A.G.E.N.T. is the method I run because it's shaped around what actually determines whether an agent ships and stays shipped.

02

The five phases

The five phases.

The five phases are sequential. Each one produces an artifact. The artifact is what proves the phase is done.

Phase 01

Anchor

Commit to one bounded workflow with a measurable baseline.

One workflow. One owner. One human or team currently doing it, so the agent has something to be compared against. No portfolio analysis, no domain rewiring, no AI strategy. If you can't point at a single workflow and describe its inputs, outputs, and current cost, the engagement isn't ready.

Artifact

A one-page workflow spec containing the trigger event, the inputs, the outputs, the current baseline (who does this today, how long it takes, error rate if known), and the success criteria that define what 'good enough to deploy' means in numbers.

Failure mode it prevents

Scope creep during anchoring. The conversation drifts from 'this workflow' to 'and it should also handle…'. Anchoring fails the moment the workflow becomes plural. The artifact exists to make scope concrete and signed off in writing, so week six doesn't relitigate week one.

Self-check

Can I describe the workflow in two sentences without using the words 'platform,' 'intelligence,' or 'automation'?

Phase 02

Ground

Build the eval set before building the agent.
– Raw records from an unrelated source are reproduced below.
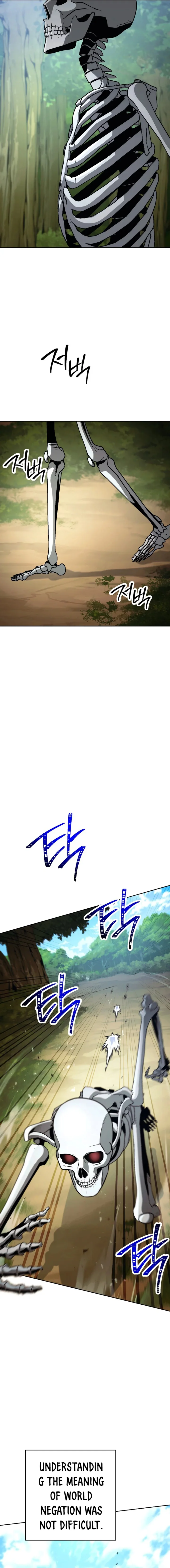 Skeleton Soldier Couldn’t Protect the Dungeon Chapter 245 - Manhwa18.com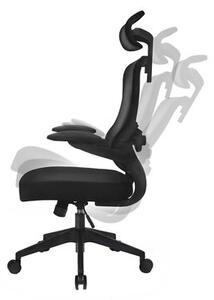 Fotel LVN System Ergo Basic LV0652 Czarny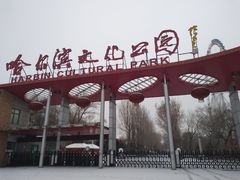 -哈尔滨文化公园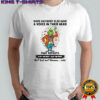 Grinch does anybody else have a voice in their head shirt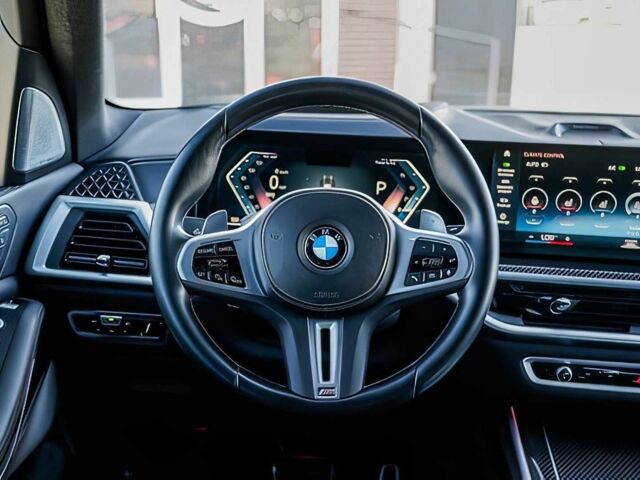 Белый БМВ X7, объемом двигателя 4.4 л и пробегом 17 тыс. км за 43000 $, фото 9 на Automoto.ua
Thirty to fifty real examples of the workflow with correct outputs, drawn from your historical data. What "working" means gets defined in measurable terms: accuracy, latency, cost per run, escalation rate, whatever the workflow demands. This is the most-skipped step in real agent projects. Skipping it means you can't tell if the agent is improving, regressing, or just lucky on the demo path.

Artifact

A runnable eval harness. Not a spreadsheet, a program. A script your team can execute that runs the agent against the eval set and produces a scorecard. The harness ships in week three and stays with you.

Failure mode it prevents

Treating evals as QA. Evals are the specification. The eval set is the contract the agent is being built to satisfy. If the eval set is wrong, the agent will be wrong. Building the harness first forces the spec to be honest before any code gets written against it.

Self-check

If the agent passes the eval set perfectly, does the workflow actually work in production? If no, the eval set is incomplete.

Phase 03

Engineer

Build the minimum agent that passes the eval.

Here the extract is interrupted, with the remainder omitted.